## → Definiton:

**Counting **refers to the process of determining the number of elements in a set or the number of possible outcomes in a certain scenario.

• It is used in Inventory Management, Probability, Statistical Analysis etc.

**Combinatory **is a branch of discrete mathematics that focuses on studying arrangements, selections, and combinations of objects from finite sets.

• It is used in Permutations and Arrangements, Poker and Card Games, Coding and Cryptography etc.

## → Basic Counting principles:

## Sum Rule Principle

The **Sum Rule Principle**, also known as the **Addition Principle**, is a fundamental counting principle in combinatorics.

• It states that if there are “**m**” ways to do one task and “**n**” ways to do another task, both of which cannot be done simultaneously, then there are “**m + n**” ways to choose one of these tasks.

• When facing a choice between two mutually exclusive options (A and B), the total number of ways to make the choice is the sum of the number of ways for each option i.e (**m+n).**

**For example:**

• If you can wear either a redshirt(**A**) in 5 ways(**m**) or a blueshirt(**B**) in 3 ways(**n**), then the total number of ways to choose a shirt is**(m+n)**= 5 + 3 = 8 ways.

• If you can travel to a destination either by car in 10 ways or by train in 6 ways, then the total number of ways to travel is 10 + 6 = 16 ways.

## Product Rule Principle

The **Product Rule Principle**, also known as the **Multiplication Principle**, is a fundamental counting principle in combinatorics.

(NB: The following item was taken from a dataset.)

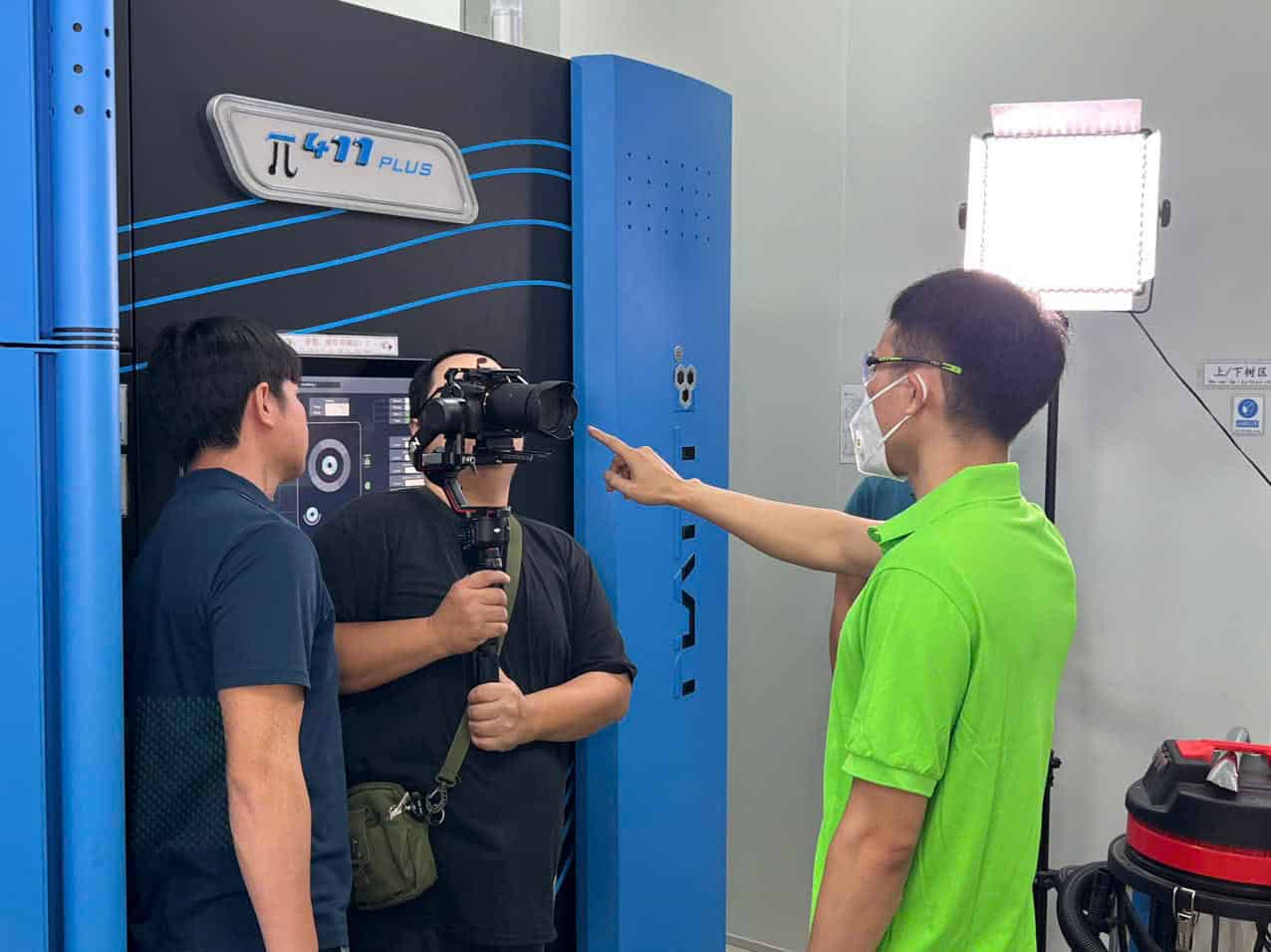 Quay phim doanh nghiệp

• It states that if there are “**m**” ways to do one task and “**n**” ways to do another independent task, then there are “**m * n**” ways to perform both tasks together.

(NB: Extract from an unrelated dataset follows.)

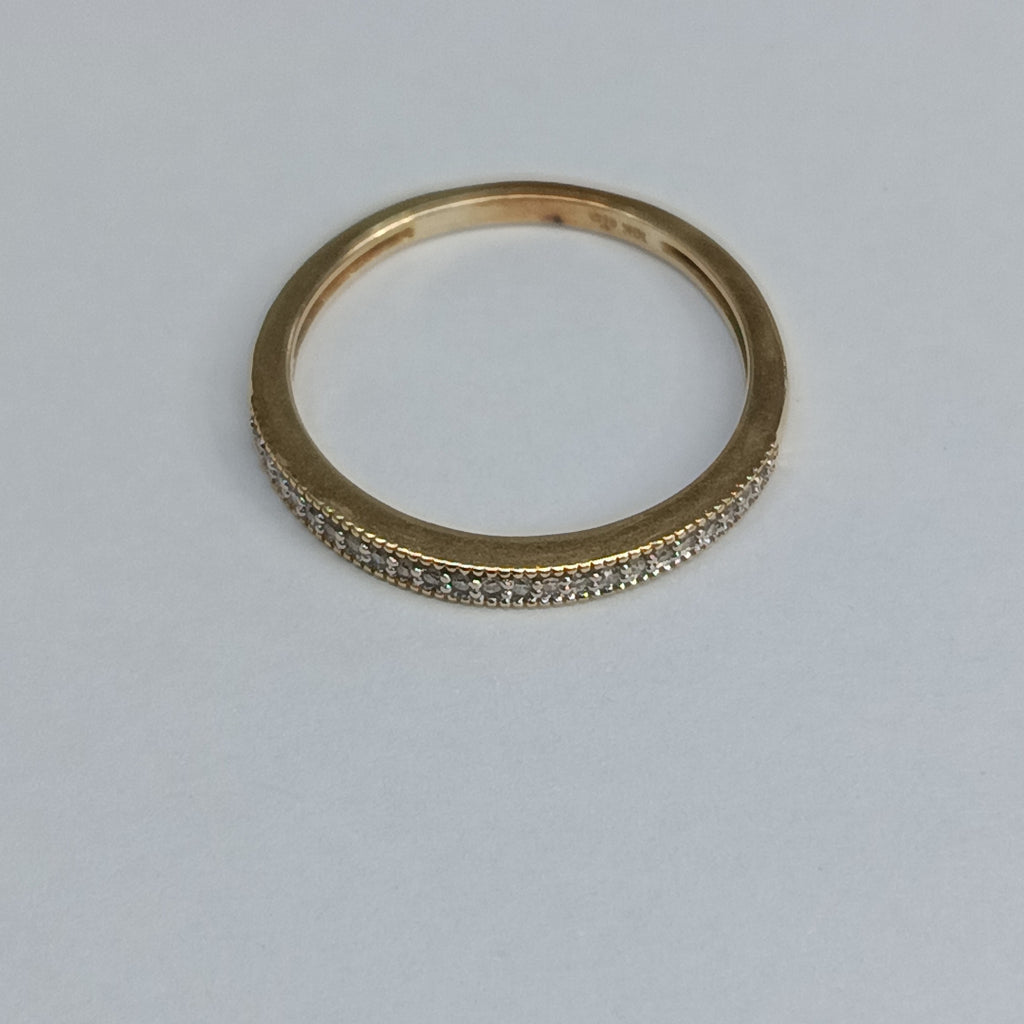 ANILLITO ORO 10 K 1.3 GRMS (SEMINUEVO)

• If a task can be accomplished by performing operation A in “m” ways and operation B in “n” independent ways, then the total number of ways to perform both tasks is “**m * n**.”

**For example:**

• If you have** 4 shirts** and **3 pairs of pants**, then the total number of outfits you can create by choosing one shirt and one pair of pants is **4 * 3 = 12 outfits.**

• If you can order a pizza with 5 different toppings and a drink with 4 choices, then the total number of meal combinations is **5 * 4 = 20 combinations.**